With the help of management textbooks and the education center's program, he has tried numerous ways to help build the Ayutong Community's productivity and marketing.
For example, he wants to purchase a rudimentary meat-processing plant through the business center that would allow the community to send its reindeer meat to market in small frozen packages - cheaper and more appealing than airlifting the whole frozen carcass in a burlap bag.
He let two of the best fishermen keep all their profits last autumn as an incentive for others: It amounted to $8,000 over three months - many times the average annual wage in this country.
He let the community set its own salaries by majority vote.
He has traveled all over Russia, bringing back deals for tea or snowmobiles in exchange for Chokurdakh fish.
He has spent thousands of dollars on healers and shamans to cure his people of alcoholism - with few successes. (His parents' drunken binges were so painful he swore he would never drink alcohol.)
And he is desperately trying to increase the declining birth rate of his people by advertising for women willing to live the hard tundra life.
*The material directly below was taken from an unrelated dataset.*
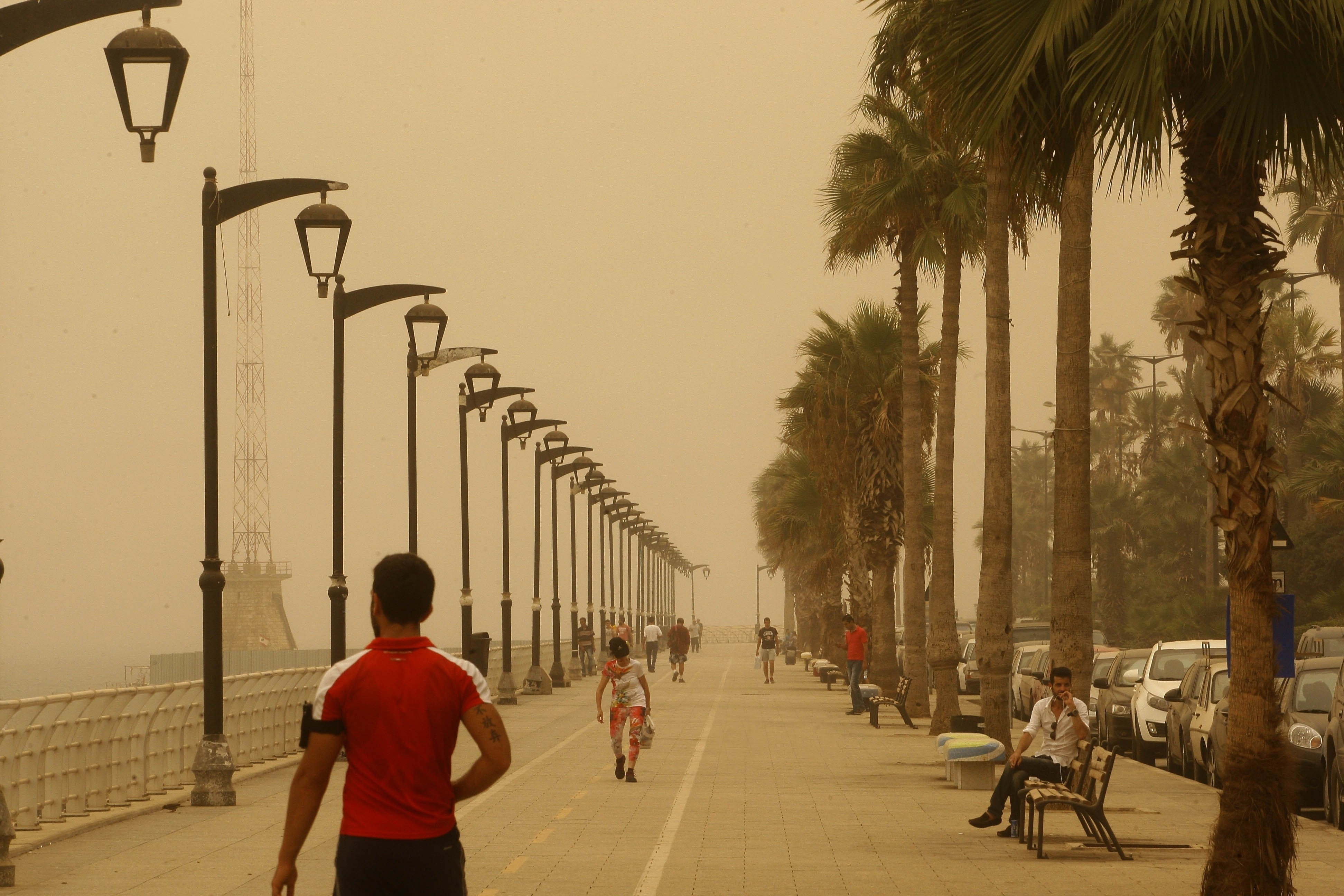 Libanul, afectat de cea mai grava furtuna de nisip din ultimii ani. Doi oameni au murit, iar sute au ajuns la spital. VIDEO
There are now 9,000 Evens in all of Siberia - down from 12,000 six years ago.
In Chokurdakh, Sleptsov's apartment is the gathering place for dozens of relatives - children, grandchildren, cousins - who come and go, eating, gossiping and watching the American soap opera "Santa Barbara" together every night.
This is the close-knit circle that he hopes to break away from to make a private company, apart from the collective.
Sleptsov's ideological adversary in the clan is his brother-in-law Yegor Borisov, a Yoda-like character who misses communism.
Borisov points out that Sleptsov is exceptional, a leader who, unlike the rest of the clan, does not need the special protections LTC of a collective existence but who should be expected to help support his lessers.
But Sleptsov is still nagged by the notion of someone else getting as much as he himself makes, but for less work. After five years of trying to save the community, he's now trying to save himself.
He wants to take his 50-kilometer swath of land from the community and fish for a living. He thinks he can profit in this with his sons if he doesn't have to split his earnings with less productive members of his clan.
As his fellow herders set off this year on their nomadic summer trek to the Arctic Sea with the community's 3,000 reindeer, Sleptsov was not among them.
He's netting fish this summer faster than any of his fellow Evens, and he'll keep the money he makes.
About this series
In the five years since the collapse of communism and the disintegration of the Soviet Union, the Russian people at the heart of the lost empire have tasted democracy and economic freedom. Some have flourished. Some yearn for the old security. All are changed.
This series of seven articles explores the Russian experience through the eyes of a diverse and far-flung group: a Bolshoi ballerina, a Siberian reindeer herder, a new breed of capitalist, a farmer, a pensioner, a former dissident and a newsman in Vladivostok.